Había evitado hacer o decir cualquier cosa que pudiera lastimarla, pero su aura de rabia ya era demasiado. Las comisuras de sus labios temblaron y paró el auto al frente de la casa. Con lágrimas en los ojos dijo:
—Eres igual de cruel que tu padre —espetó y se bajó del auto. Cerró la puerta con mucha fuerza.
Bajé del auto y me encaminé a mi habitación.
⚯
—¿Mamá?
La llamé cuando estaba por bajar todas las escaleras. Desde mi lugar podía ver que las luces estaban apagadas, a excepción del televisor.
—No molestes —dijo con una voz tan ronca que se parecía a la abuela.
Seguí caminando a paso lento hasta quedar al frente del sillón que estaba usando. La luz del televisor me mostraba lo que necesitaba ver, su rostro.
Como es habitual en ella, había puesto otra de esas películas de tragedia para desahogarse en medio de algún aperitivo y la oscuridad, mientras esperaba mis disculpas y el puesto de victoria que obviamente no me importa.
—Perdóname, Mami. A veces la genética de papá sale a flote —susurré con las manos entrelazadas y con la cabeza mirando el suelo.
—¿Lo dices en serio?—cuestionó mientras absorbía por la nariz y se enderezaba en su puesto.
—Por supuesto que sí —afirmé y la abracé.
Paciencia, es la clave de todo.
—Recuerda que tenemos un trato, Bebé.
—Recuerda que tengo parkinson—dije y ella dejó de abrazarme para encararme por lo dicho.
Entornó los ojos y dejó que un suspiro saliera de su boca. Acomodó su cabello en su espalda para después pegarse pequeñas palmaditas en las mejillas—algo que hace antes de enfocarse en un asunto—, y me miró fijamente.
—Tú confías en lo que digo, ¿verdad?
La miré por un momento y asentí.
—Entonces acepta lo que te afirmo, Nena —pronunció detenidamente.
—Está bien, te creo —obviamente mentí.
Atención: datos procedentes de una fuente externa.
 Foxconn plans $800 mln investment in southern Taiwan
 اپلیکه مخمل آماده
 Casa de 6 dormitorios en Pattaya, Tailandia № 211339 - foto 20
Yo buscaré la cura, pa' eso existe YouTube.
—Excelente, Cariño. ¿Vamos a dormir?
—Sí, Mami.
Me puse mi piyama de ositos, cepillé mis dientes, amarré mi cabello en una trenza —para evitar que convierta en un nido—, y me acosté en mi cálida camita. Mamá me contó un cuento y se fue a dormir.
Prácticamente me acosté para descansar de este día tan molesto, pero el sueño se había ido a no sé dónde. Mi mirada estaba clavaba en el techo, esperando un... Tampoco sé qué espero. ¿Una señal? ¿Un helado? ¿El amanecer? ¿Otra pizza? La verdad no me vendría nada mal.
Scott. Ese es su nombre, ¿no?
Un segundo, ¡se llama como el papel higiénico de mi casa!
Scott, mi mejor amigo, guau, guau... ja, ja, ja.
Llevé mis manos a mi boca para acallar mi risa. Estuve pensando un poco más en Scott y, por un segundo, me sentí extraña. Mi estómago se revolvió demasiado, ¿será culpa de él? ¿Qué tiene ese niño? No puedo ni descansar por culpa suya. Mi barriguita parece poseída... ¡Uhs! ¡Deja de sentirte así!